Instructions to follow: Everything from the line with "Store method works" to the end of the data below, both lines included, should be transcribed exactly; please omit the pictures.

Given records:
= = = = =

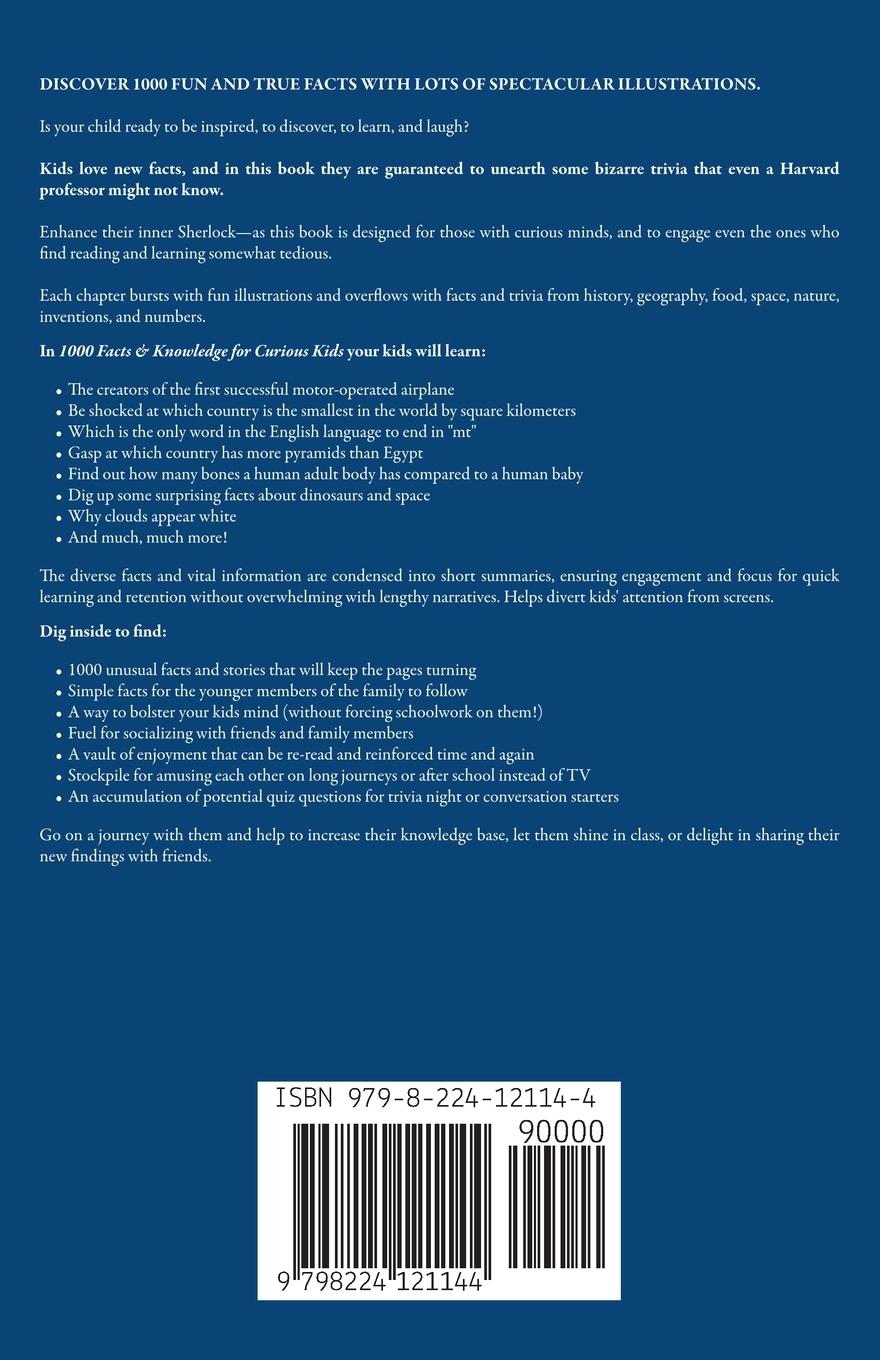 Rückseitencover 1000 Facts & Knowledge for Curious Kids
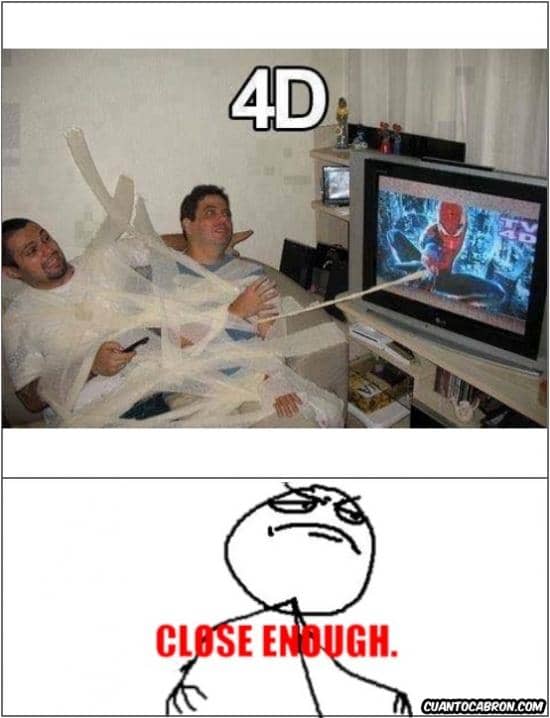 Meme ilustrasi pengalaman menonton film di bioskop 4DX dengan efek kursi bergerak yang ekstrem bagi penonton.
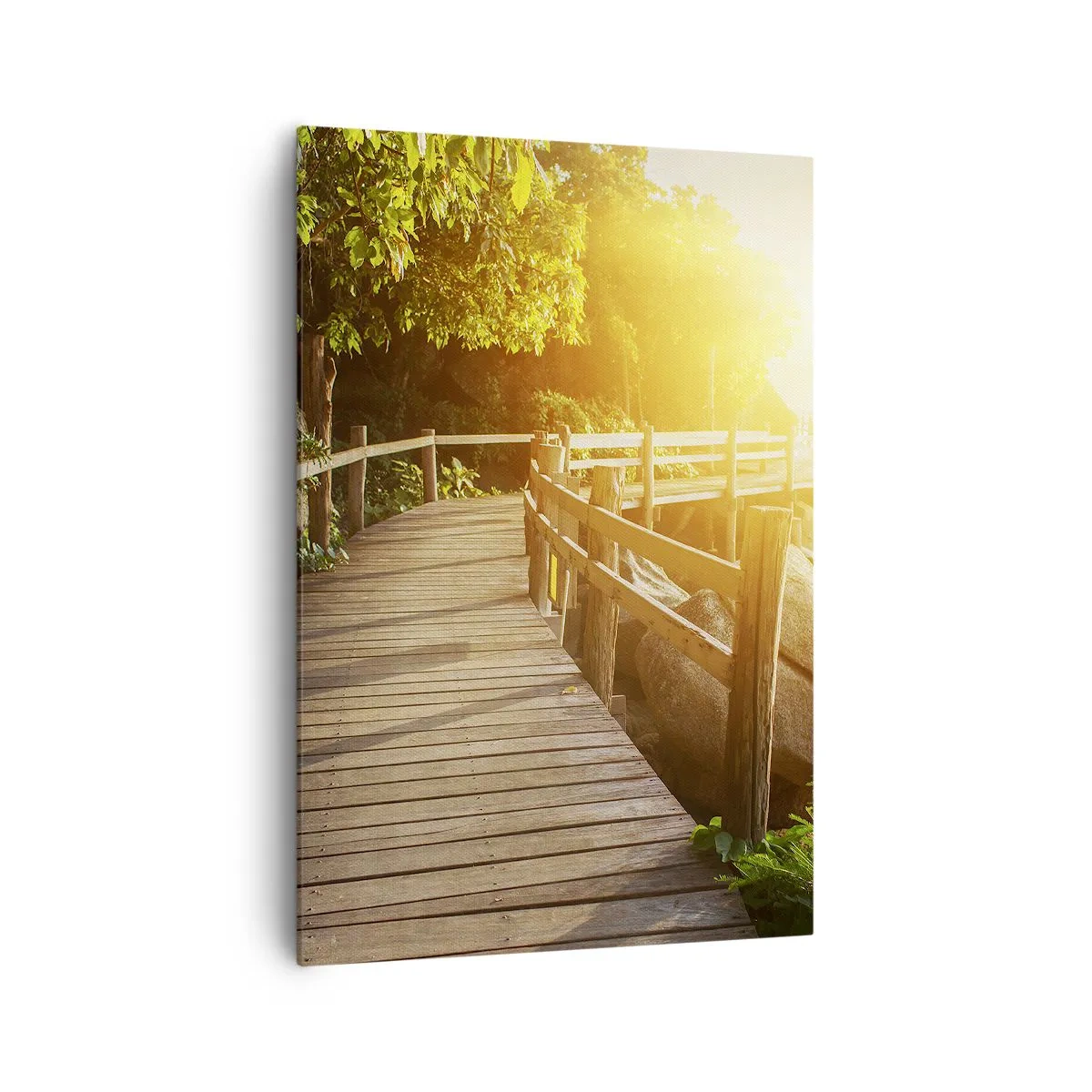 Canvastavla - Bild på duk - Nästa kurva, nästa underverk - 70x100 cm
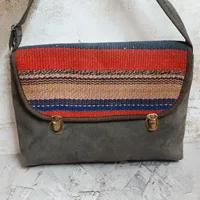 کیف رو دوشی سنتی گلیم طرح طوسی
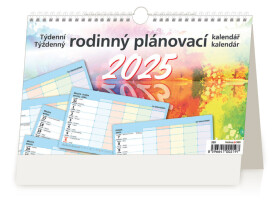 Stolní kalendář 2025 Týdenní rodinný plánovací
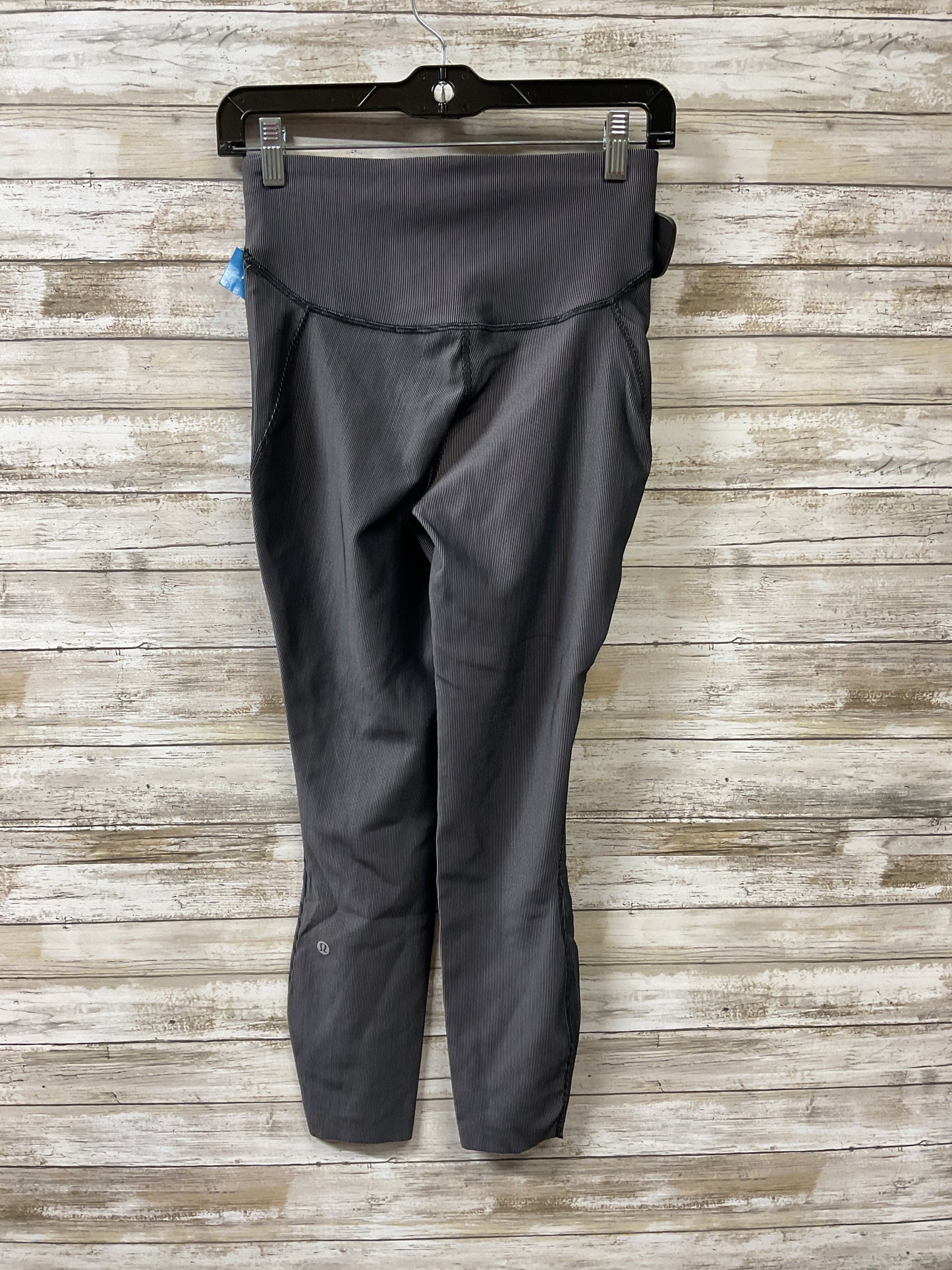 Athletic Leggings By Lululemon In Striped Pattern, Size:6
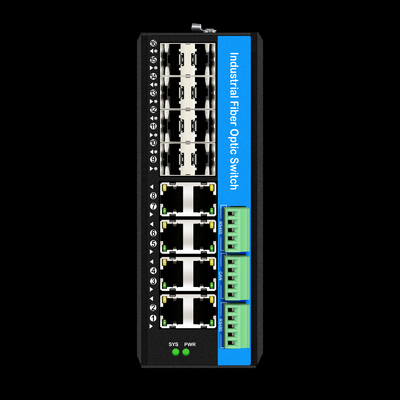 管理 16 ポート ギガビット Poe スイッチ ディンレールネットワーク スイッチ 8RJ45+8SFP 4*RS485+2*CAN BUS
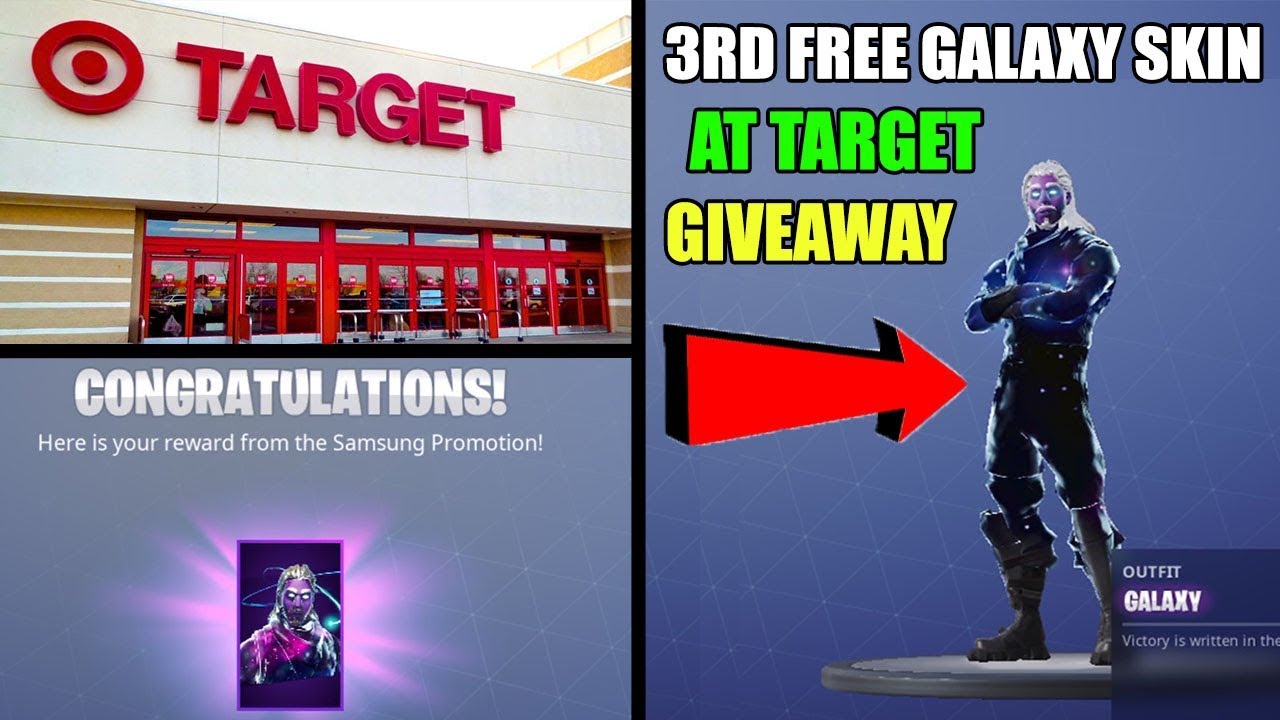 Store method works 3rd Free Fortnite Galaxy Skin Giveaway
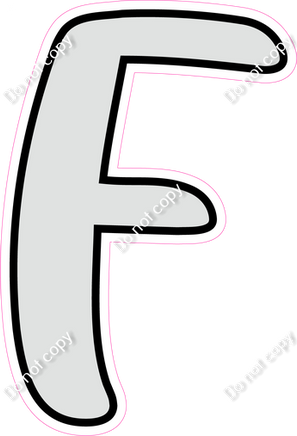 CUL 23.5" Individuals - Flat Light Grey F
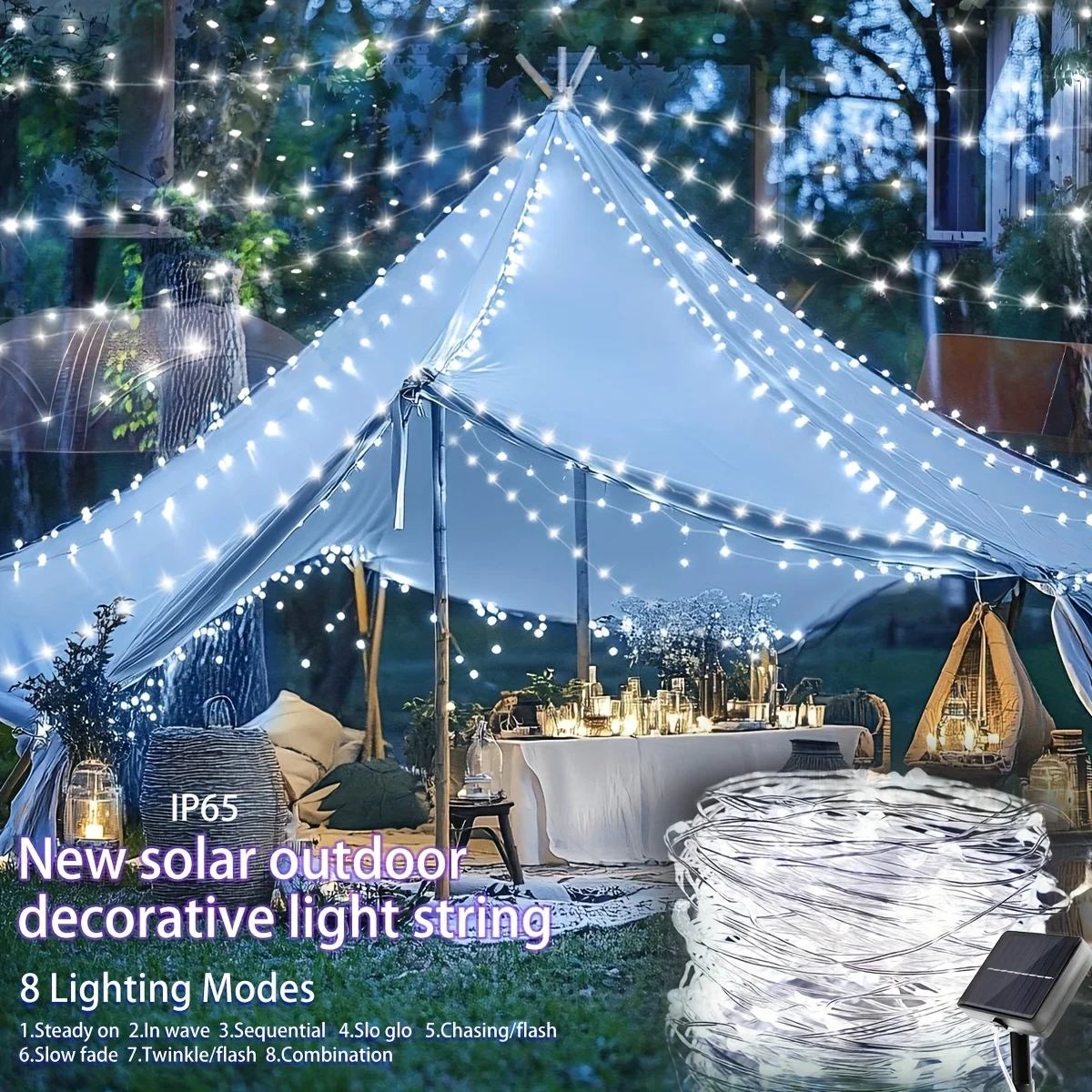 Solar-Powered LED Fairy Lights - Waterproof Outdoor Garden & Holiday Decor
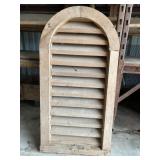 Wooden Arch Top Louvered Vent Wooden Arch Top Louvered Vent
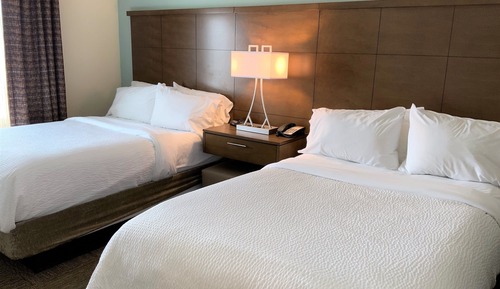 Suite, 2 Double Beds, Kitchen, River View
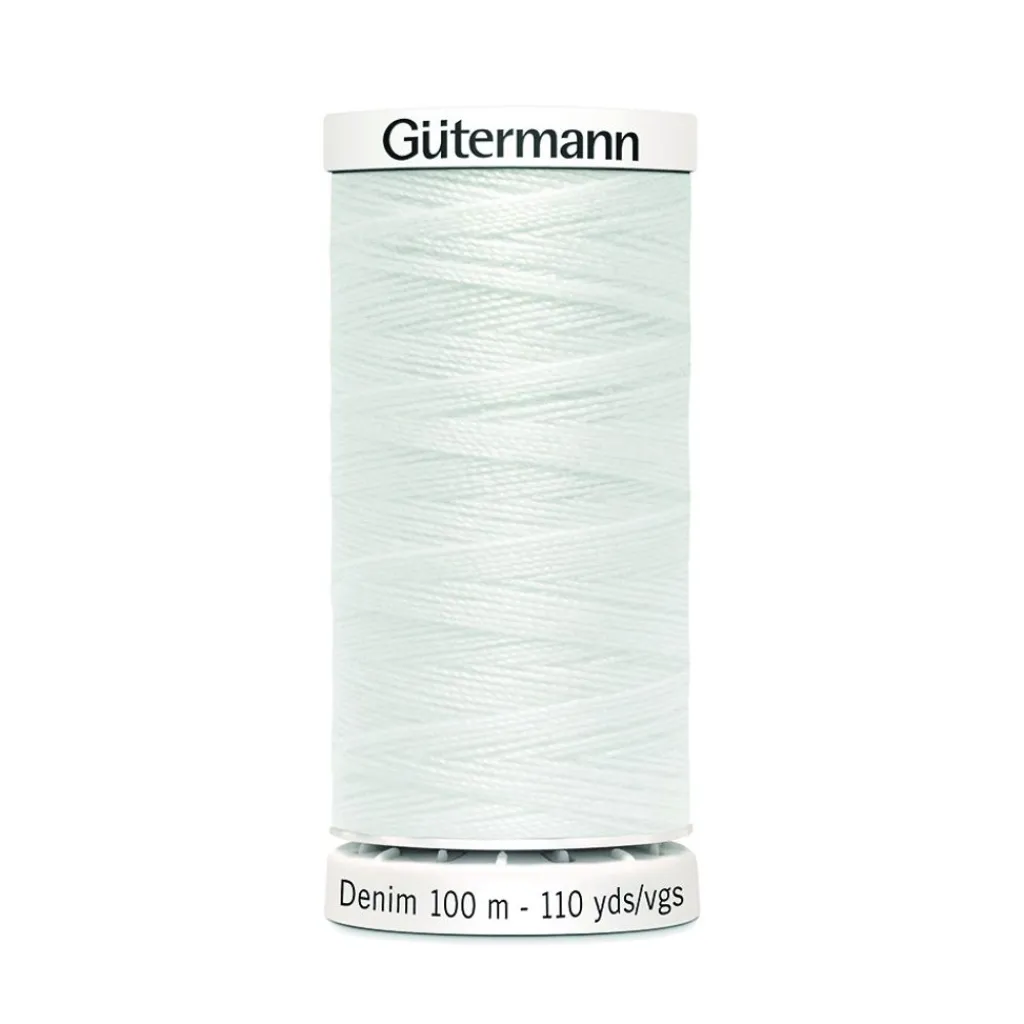 Sytråd<Gutermann Denimtråd 100m Col.1016 offwhite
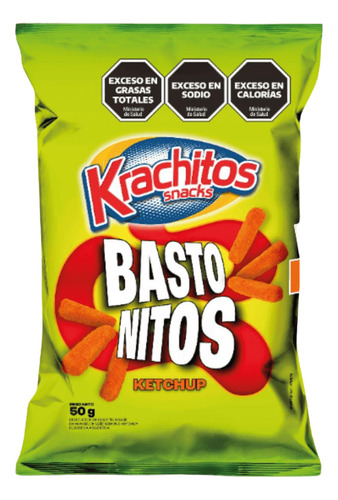 Bastoncitos Krachitos Snacks ketchup 50 g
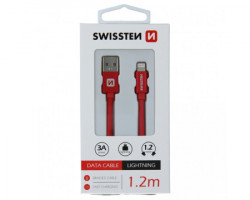 Swissten data kabl tekstil USB na iPhone 1.2m crveni - Img 2
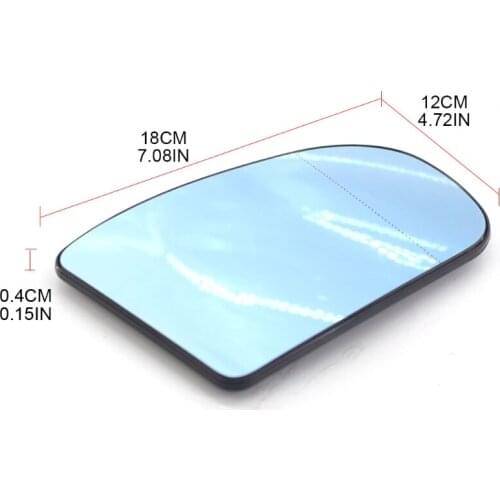 Car Heated Back Mirror Lens Clear Glass Automotive Interior Accessories Fit for mercedes benz W203/W211 R3MD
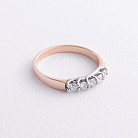 Золота каблучка з діамантами 12055аг от ювелирного магазина Оникс - 4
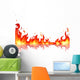 Reflected fire flame Wall Decal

= = = = =

Answer to the problem:
 Store method works 3rd Free Fortnite Galaxy Skin Giveaway
 CUL 23.5" Individuals - Flat Light Grey F
 Solar-Powered LED Fairy Lights - Waterproof Outdoor Garden & Holiday Decor
 Wooden Arch Top Louvered Vent Wooden Arch Top Louvered Vent
 Suite, 2 Double Beds, Kitchen, River View
 Sytråd<Gutermann Denimtråd 100m Col.1016 offwhite
 Bastoncitos Krachitos Snacks ketchup 50 g
 Swissten data kabl tekstil USB na iPhone 1.2m crveni - Img 2
 Car Heated Back Mirror Lens Clear Glass Automotive Interior Accessories Fit for mercedes benz W203/W211 R3MD
 Золота каблучка з діамантами 12055аг от ювелирного магазина Оникс - 4
 Reflected fire flame Wall Decal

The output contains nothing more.